= Beginning of Section =

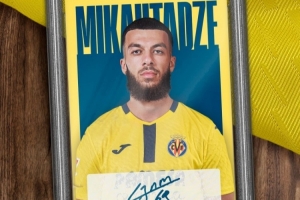 官方宣布，比利亚雷亚尔俱乐部与格鲁吉亚前锋米卡乌塔泽达成协议，双方签订直至2031年夏天的合同。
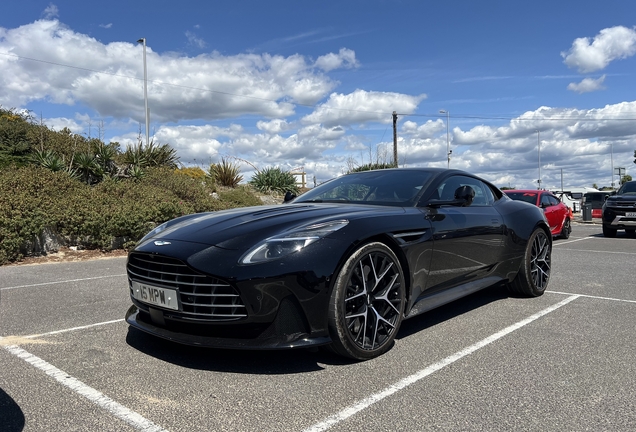 Aston Martin DB12
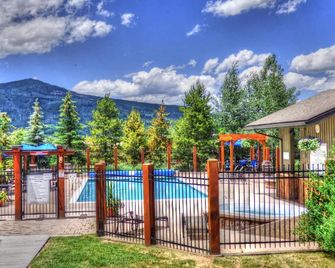 Lift Tickets Pool, Hot Tubs, Shuttle & Private Deck Mountain Village - Steamboat Springs - Pool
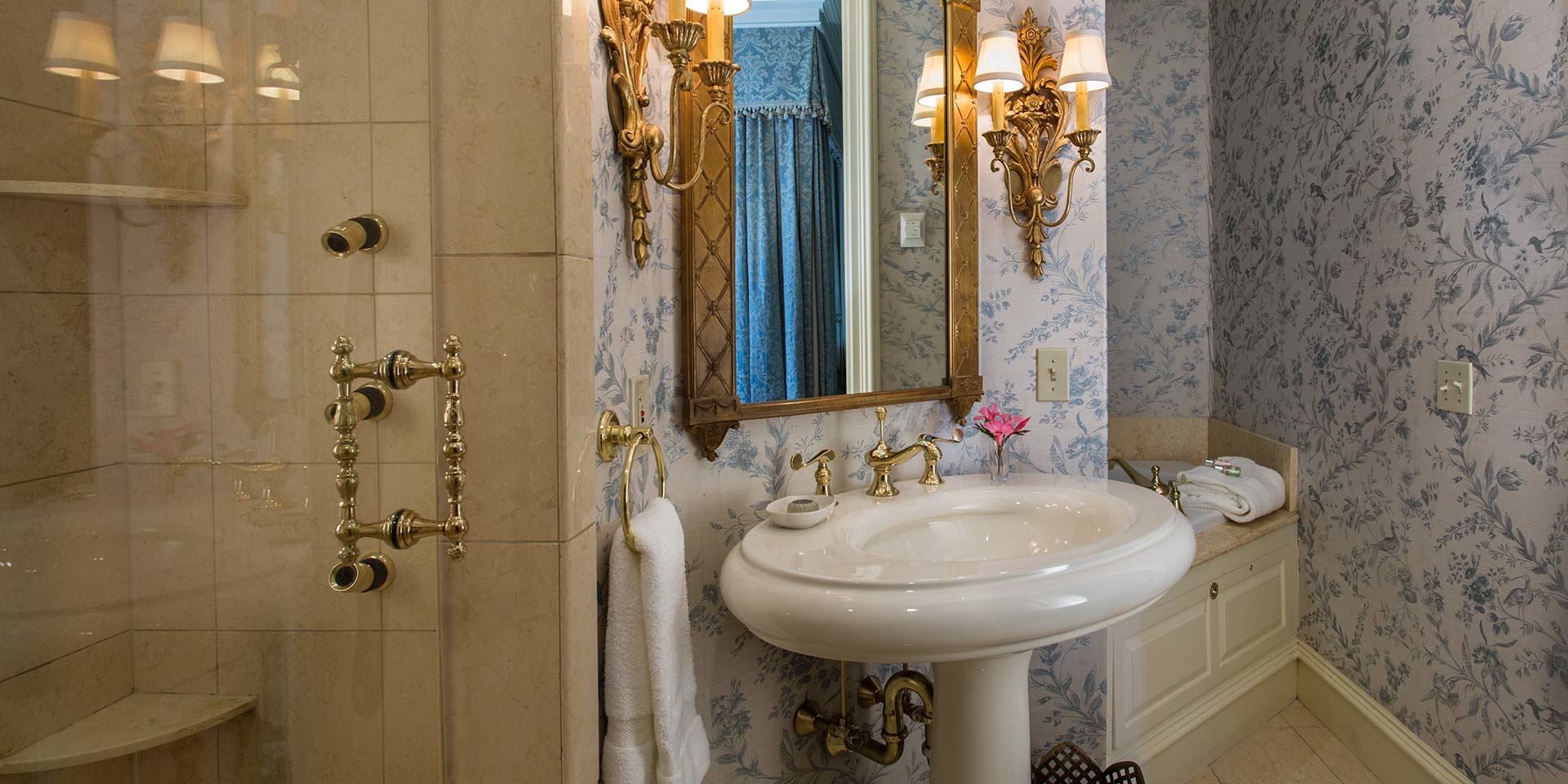 The bathroom of the Louis XVI Guest Room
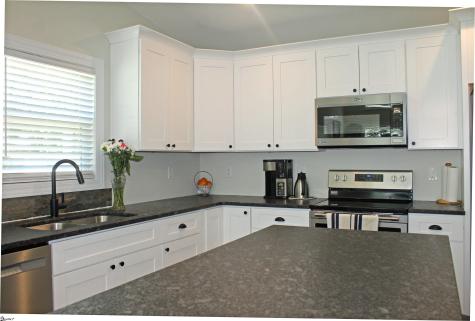3 C Street Williamston SC 29697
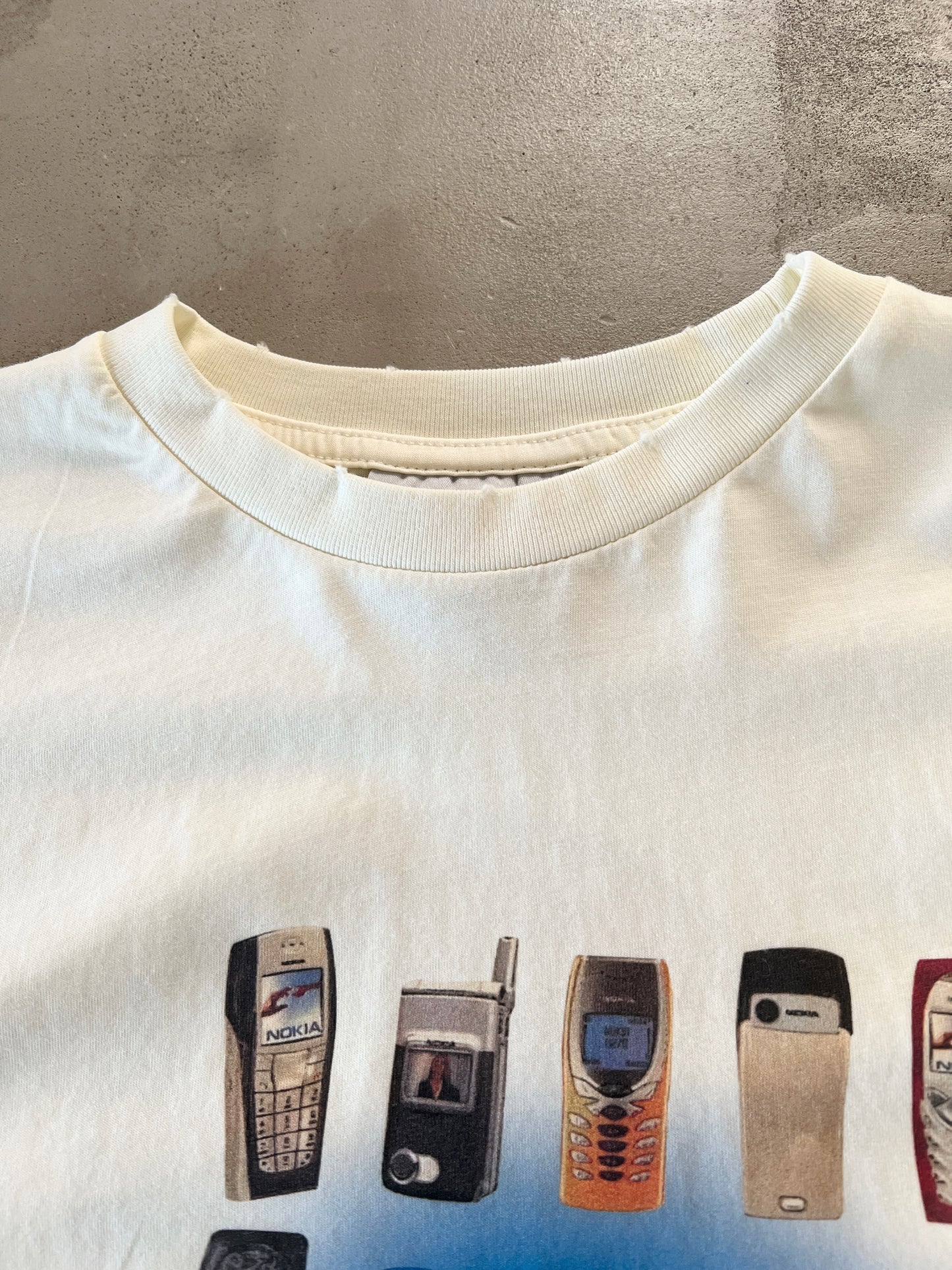 CREME NOKIA LONGSLEEVE - 2000S - L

= End of Section =

The task >> The data must be printed exactly, image-free.

Exercise answer >>
 官方宣布，比利亚雷亚尔俱乐部与格鲁吉亚前锋米卡乌塔泽达成协议，双方签订直至2031年夏天的合同。
 Aston Martin DB12
 Lift Tickets Pool, Hot Tubs, Shuttle & Private Deck Mountain Village - Steamboat Springs - Pool
 The bathroom of the Louis XVI Guest Room
3 C Street Williamston SC 29697
 CREME NOKIA LONGSLEEVE - 2000S - L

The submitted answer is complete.